Un plaidoyer présidentiel pour des synergies public-privé offensives
Face à un parterre de plus de 1 000 dirigeants venus de trente pays, le président Denis Sassou Nguesso a livré un message mesuré mais ferme : « Les ambitions d’une croissance partagée exigent des partenariats public-privé et privé-privé pertinents ». Derrière la formule, se lit la volonté de faire converger capitaux étrangers et politiques publiques, afin d’accélérer la diversification d’une économie encore tributaire des hydrocarbures. Les observateurs notent qu’en insistant sur la crédibilité des projets, le chef de l’État pose le cadre d’une sélection rigoureuse appelée à rassurer investisseurs et bailleurs.
L’effet Ref : de la convivialité au réseautage structurant
Depuis la première édition à Paris en 2021, la Ref a grandi de façon exponentielle : quelques dizaines de chefs d’entreprise hier, plusieurs milliers aujourd’hui. Cette inflation de participants illustre l’appétence d’un monde francophone qui cherche à bâtir des passerelles Sud-Sud, jusque-là trop marginales. Les échanges bilatéraux n’ont pas été cantonnés aux salons feutrés ; des visites de zones économiques spéciales et de sites portuaires ont permis aux délégations d’évaluer, in situ, les infrastructures disponibles. Pour Michel Djombo, président d’ENI-Congo, « cette retrouvaille signale le rôle central que joue l’entreprise dans la transformation du pays ».
Des atouts tangibles et une fenêtre d’opportunités
Outre ses 170 000 km² de forêts, véritables puits de carbone monétisables, le Congo s’appuie sur un dispositif fiscal incitatif dans ses zones économiques spéciales, sur une connexion fibre-optique régionale et sur l’amorce d’un tissu industriel agroalimentaire. L’indice Doing Business y reste perfectible, mais le gouvernement multiplie les guichets uniques pour les formalités. « Le climat des affaires s’améliore, même si la justice commerciale doit continuer de gagner en célérité », estime un conseiller de la Conférence permanente des chambres consulaires africaines.
La francophonie, laboratoire d’un marché intégré
L’un des fils rouges de la Ref 2025 demeure la création d’une zone d’échanges fluide entre entreprises francophones.
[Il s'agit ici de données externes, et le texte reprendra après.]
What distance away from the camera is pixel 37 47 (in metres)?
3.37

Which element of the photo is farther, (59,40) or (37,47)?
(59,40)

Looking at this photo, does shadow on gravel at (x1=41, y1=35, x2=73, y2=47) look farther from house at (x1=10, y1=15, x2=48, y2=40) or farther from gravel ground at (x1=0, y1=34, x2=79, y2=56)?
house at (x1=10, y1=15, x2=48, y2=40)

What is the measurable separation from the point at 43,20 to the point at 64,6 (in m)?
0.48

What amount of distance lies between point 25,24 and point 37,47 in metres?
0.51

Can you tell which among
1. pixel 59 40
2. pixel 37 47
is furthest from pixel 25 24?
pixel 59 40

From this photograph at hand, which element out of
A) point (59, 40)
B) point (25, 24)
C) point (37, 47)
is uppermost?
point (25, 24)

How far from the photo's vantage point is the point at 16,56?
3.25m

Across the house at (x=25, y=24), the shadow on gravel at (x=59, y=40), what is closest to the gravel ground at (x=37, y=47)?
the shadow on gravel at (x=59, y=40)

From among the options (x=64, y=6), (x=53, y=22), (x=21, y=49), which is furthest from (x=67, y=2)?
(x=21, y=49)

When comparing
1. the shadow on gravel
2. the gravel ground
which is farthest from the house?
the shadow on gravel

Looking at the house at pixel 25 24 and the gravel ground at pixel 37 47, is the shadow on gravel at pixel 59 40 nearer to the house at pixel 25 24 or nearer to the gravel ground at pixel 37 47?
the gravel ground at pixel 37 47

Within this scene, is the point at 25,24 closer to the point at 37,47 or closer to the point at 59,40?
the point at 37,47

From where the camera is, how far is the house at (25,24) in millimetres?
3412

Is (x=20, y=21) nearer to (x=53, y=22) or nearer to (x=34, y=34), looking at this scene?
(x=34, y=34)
En appelant à dépasser la vision verticale Nord-Sud, Michel Djombo défend un maillage Est-Ouest capable de tirer parti des complémentarités sectorielles : capital européens, matières premières africaines, ingénierie nord-américaine, savoir-faire numérique maghrébin. « C’est en Afrique que se peaufine un partenariat équilibré », a-t-il insisté, renvoyant à la démographie galopante du continent et à la montée en compétences d’une jeunesse urbaine avide d’entreprendre.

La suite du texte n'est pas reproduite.